Für die Analyse wurde laut Anbieter von Search Analytics Software  300.000 Internetseiten, mehrere Millionen Backlinks, Tweets, Shares und 10.000 ausgewählte Top-Suchbegriffe ausgewertet. Anhand der breit aufgestellten Datenbasis sollte herausgefunden werden, was in den Google-Suchergebnisanzeigen funktioniert, was hingegen nicht.

Aufgrund der zum Teil überraschenden Ergebnisse wurden die Daten mehrfach ausgewertet. Der Analyse zufolge sind Shares auf den sozialen Netzwerken der wichtigste Korrelations-Faktor. Je mehr Shares desto besser das Ranking. Searchmetrics teilte jedoch mit, dass es sich abschließend nicht ermitteln ließe, ob eine gute Platzierung zu vielen sozialen Signalen führe oder ob es umgekehrt sei. Auch zeige die Auswertung auf, dass Linktexte das Ranking positiv beeinflussen können. Dabei gilt: Je kürzer, desto besser.

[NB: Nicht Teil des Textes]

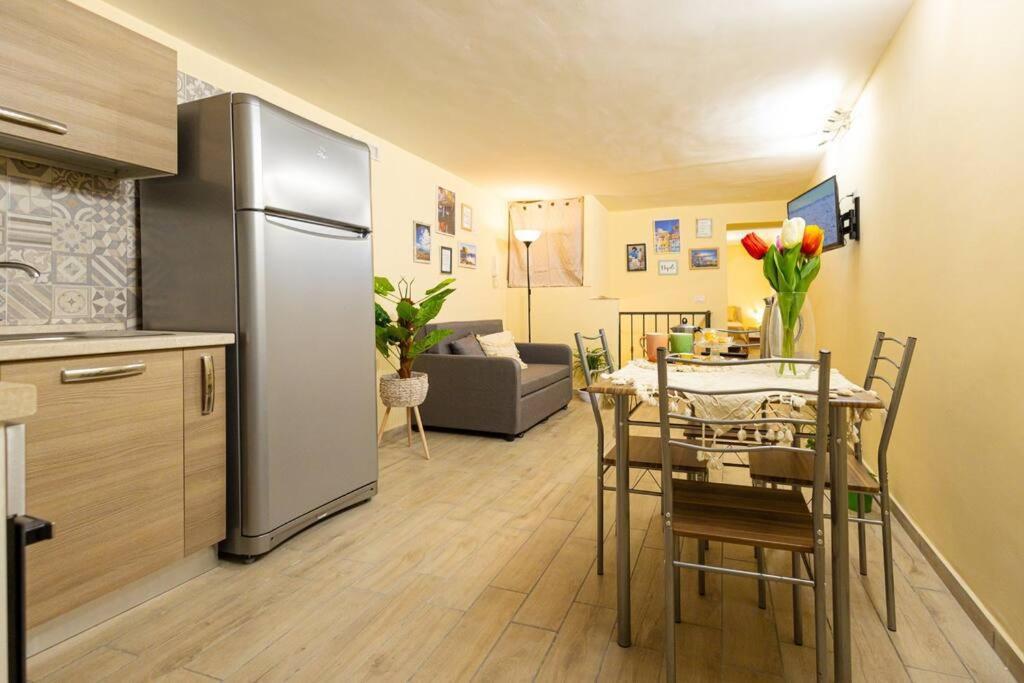 Appartamento Lucon House Napoli Esterno foto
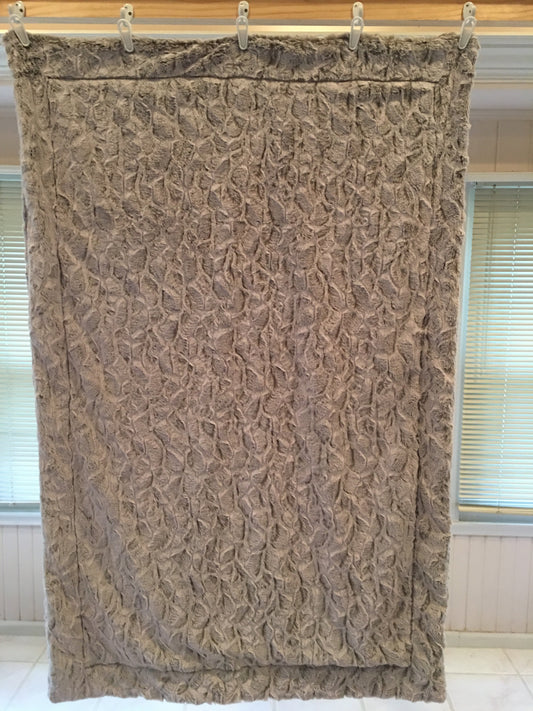 Bella Tip Dye Silver on Luxe Cuddle Silver Hide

Zu viele oder plumpe Werbung hingegen schadet der Platzierung. Marcus Tober, Mitbegründer von Searchmetrics, wird im Bericht auf interworld.de mit folgenden Worten zitiert: "Auf den Top-Positionen im organischen Google-Ranking finden sich auffallend viele Seiten, die wenig klassische Werbeintegrationen haben."

Weiterhin eine wichtige Rolle für gute Positionierungen spielen Backlinks. Aber auch Nofollowlinks, Keywordlinks, und sogenannte „weiche“ Links mit Stopwords werden ebenso in der Analyse als wichtig erachtet.

Verwundert sind die Analysten über folgende Feststellung: Es scheint, als ob Seiten in den Top-Platzierungen besser ranken, je seltener der Suchbegriff im Titel und in der Überschrift steht. Dabei zeichnet sich ab, dass starke Marken auch ohne perfekte Optimierung der Seite gut positioniert sind. Das Einbinden von Suchbegriffen in die Domain bleibe jedoch auch weiterhin ein wichtiger Faktor der SEO-Optimierung.

Wie der Anbieter mitteilte, lagen für eine Analyse des Konkurrenznetzwerkes Google+ noch nicht genügend Daten vor.